Portable Techniques to Find Effective Memory Hierarchy Parameters
Cooper, Keith D.
Application performance on modern microprocessors depends heavily on performance related characteristics of the underlying architecture. To achieve the best performance, an application must be tuned to both the target-processor family and, in many cases, to the specific model, as memory-hierarchy parameters vary in important ways between models. Manual tuning is too inefficient to be practical; we need compilers that perform model-specific tuning automatically. To make such tuning practical, we need techniques that can automatically discern the critical performance parameters of a new computer system. While some of these parameters can be found in manuals, many of them cannot. To further complicate matters, compiler-based optimization should target the system’s behavior rather than its hardware limits. Effective cache capacities, in particular, can be smaller than the hardware limits for a number of reasons, such as sharing between cores or between instruction and data caches. Physical address mapping can also reduce the effective cache capacity.

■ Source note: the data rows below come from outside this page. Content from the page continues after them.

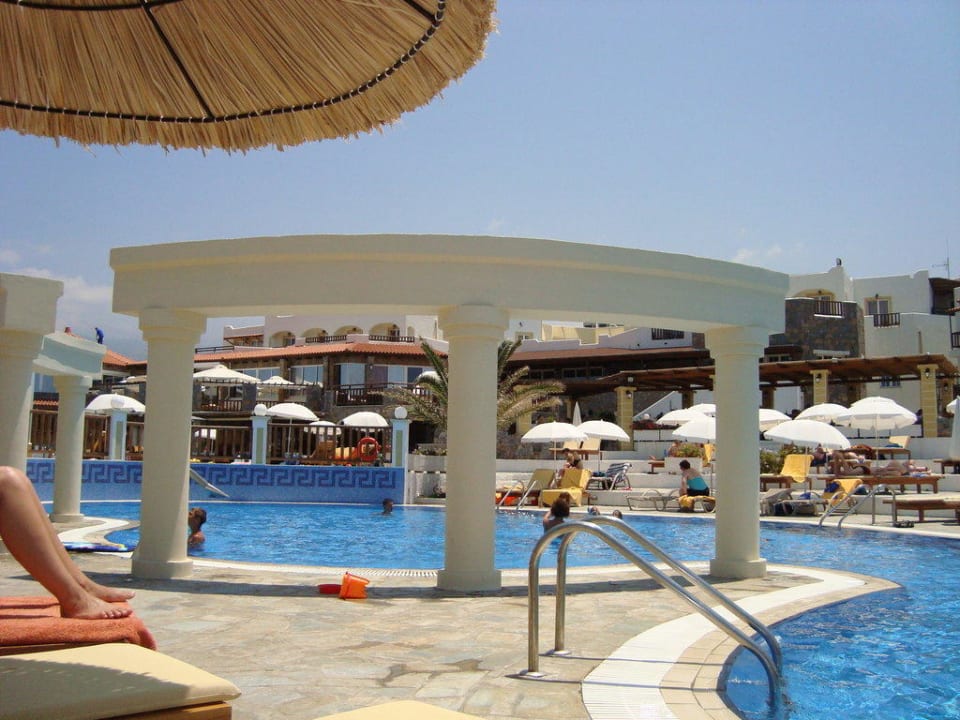 Poolbereich Alexander Beach Hotel & Village Resort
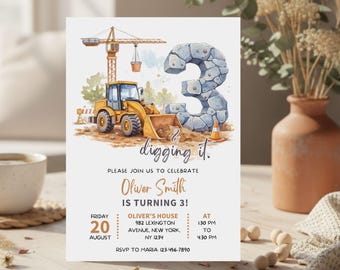 Puede incluir: Invitación de cumpleaños con una ilustración en acuarela de maquinaria de construcción. El diseño incluye una cargadora frontal amarilla, una grúa y un gran número 3 de piedras. El texto dice "digging it" e invita a la fiesta del 3er cumpleaños de Oliver Smith.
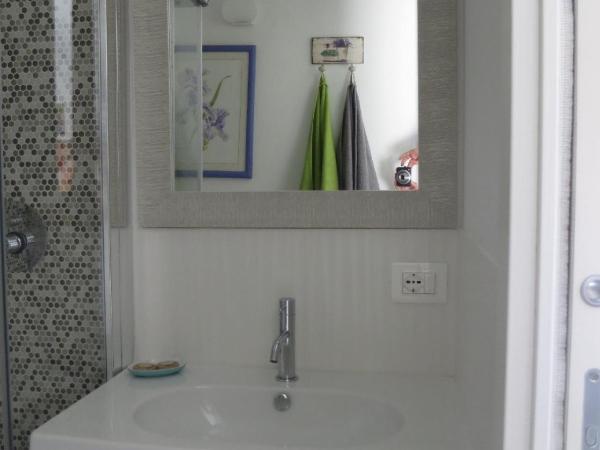 Agriturismo Terre Rosse Portofino : photo 5 de la chambre chambre double avec salle de bains privative et vue sur mer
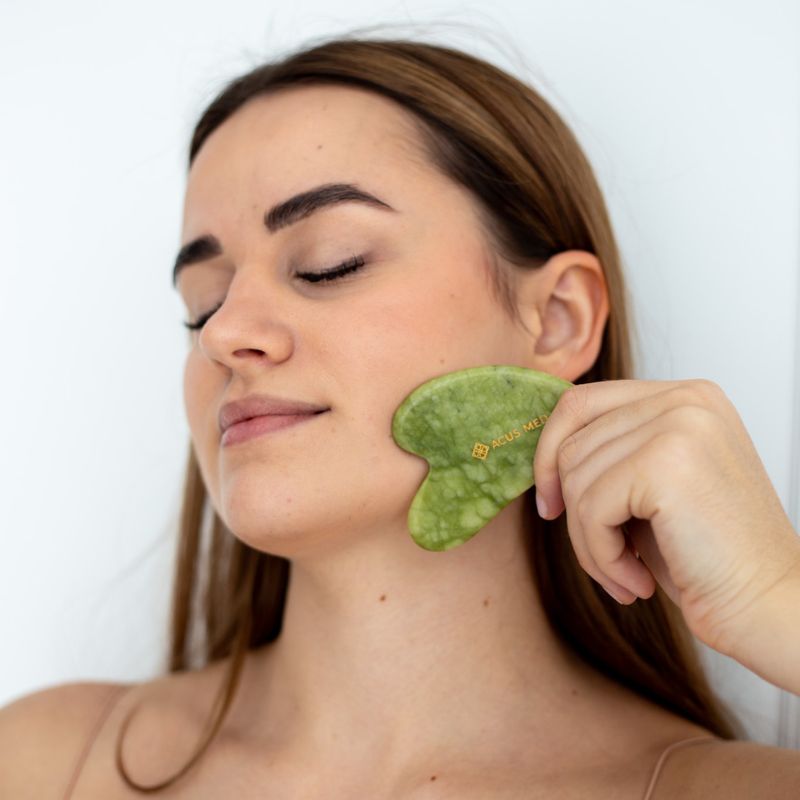 zielona jadeitowa płytka Gua Sha - masaż twarzy - zuchwy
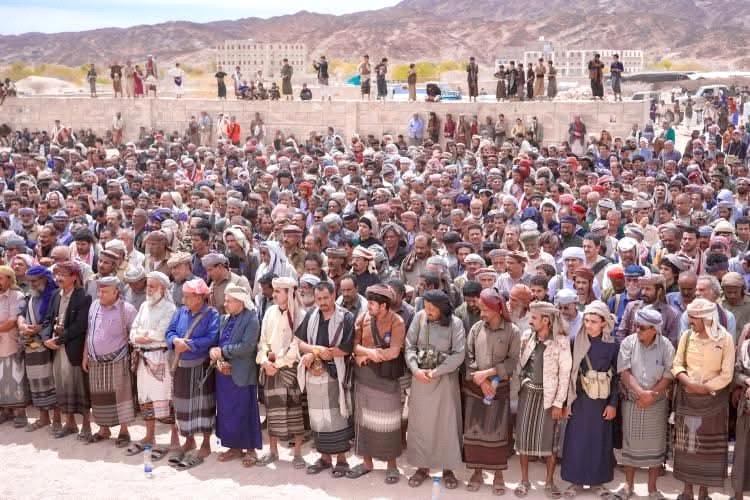 شبوة تودع الشيخ عوض بن عشيم.. وقيادة السلطة المحلية تشارك في صلاة الغائب وتقديم واجب العزاء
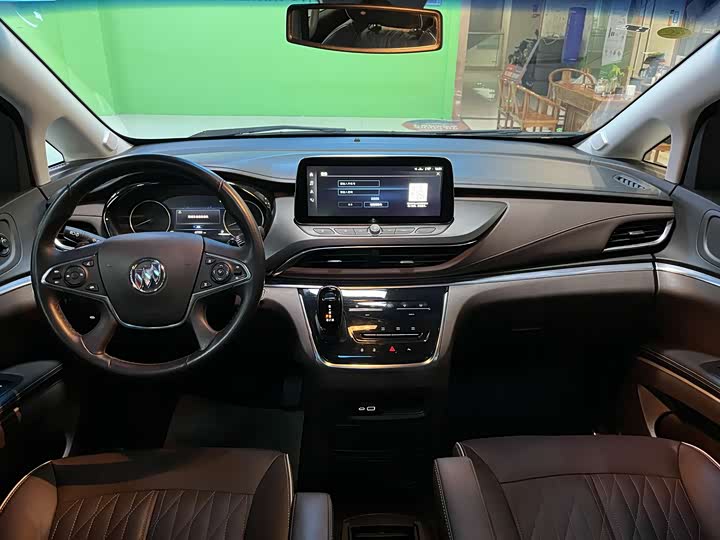 Фото 4 - Buick GL8 ES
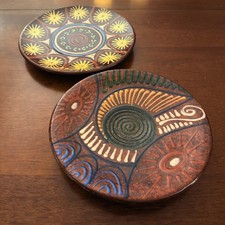 2 VINTAGE SIGNED SPANISH PUIGDEMONT TERRACOTTA ABSTRACT GEOMETRIC WALL PLAQUE  picture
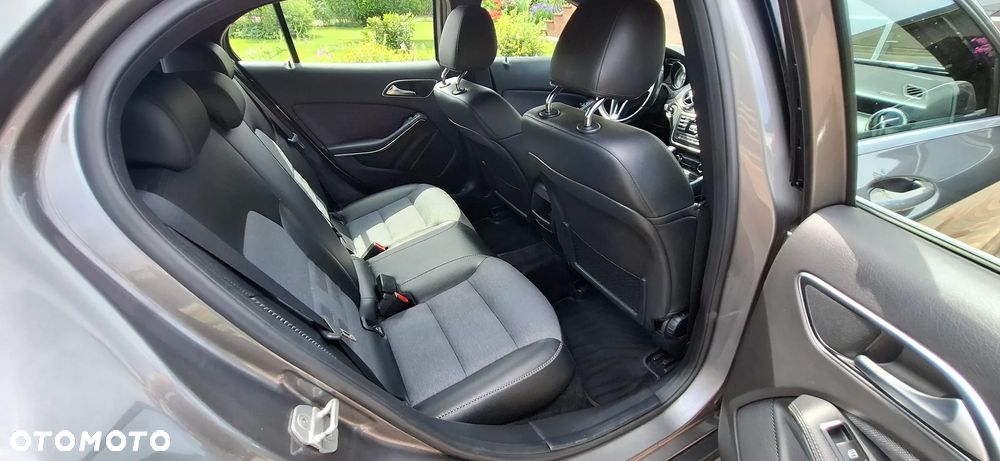 Mercedes-Benz GLA 180 Activity Edition - 22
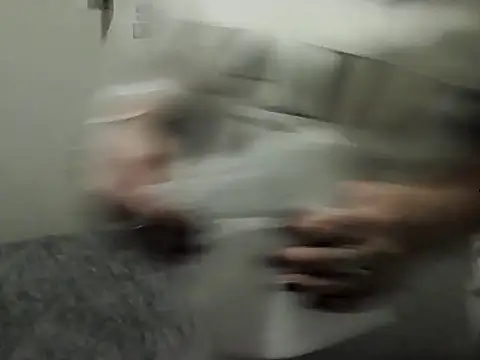 housewife shantie online show from 11/17/25, 07:12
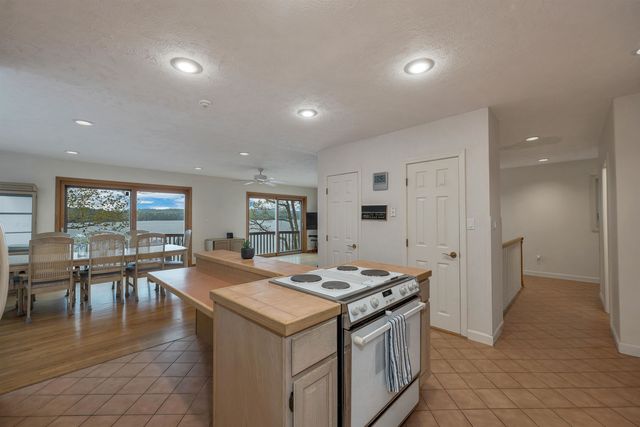 2 Blue Heron Lane, Deerfield, NH 03037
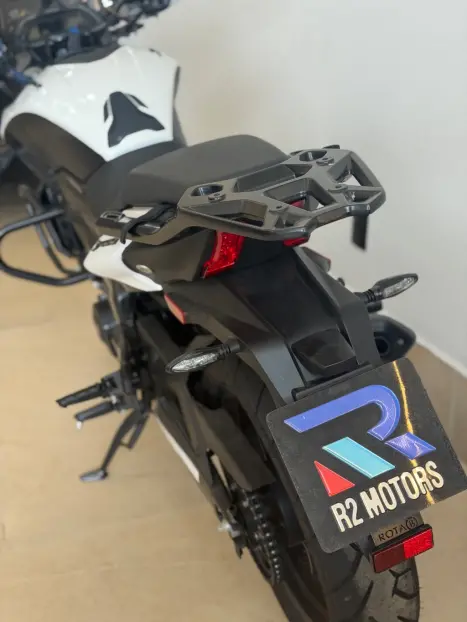BAJAJ Dominar 400 , Foto 9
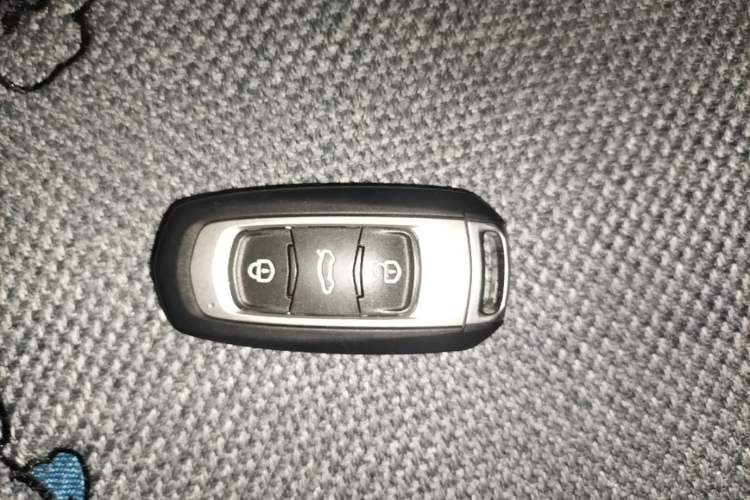 Used Geely Galaxy Panda 2024 Panda Mini 200km Endurance Bear Vehicle Key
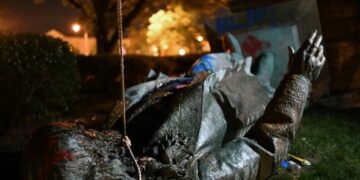 El gobierno de Trump reinstala la estatua de un general confederado derribada en 2020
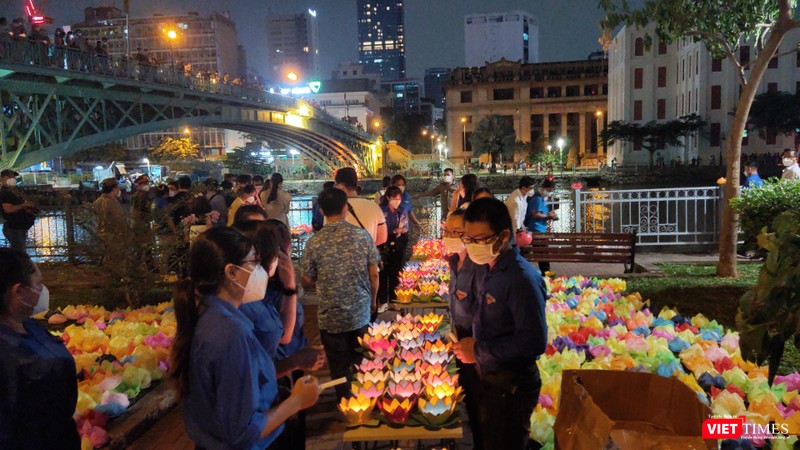 Các lực lượng thanh niên hỗ trợ Lễ thả hoa đăng tại nhiều điểm bên sông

To address these challenges, we have developed a suite of portable tools that derive many of the effective parameters of the memory hierarchy. Our work builds on a long line of prior art that uses micro-benchmarks to analyze the memory system. We separate the design of a reference string that elicits a specific behavior from the analysis that interprets that behavior. We present a novel set of reference strings and a new robust approach to analyzing the results. We present experimental validation on a collection of 20 processors.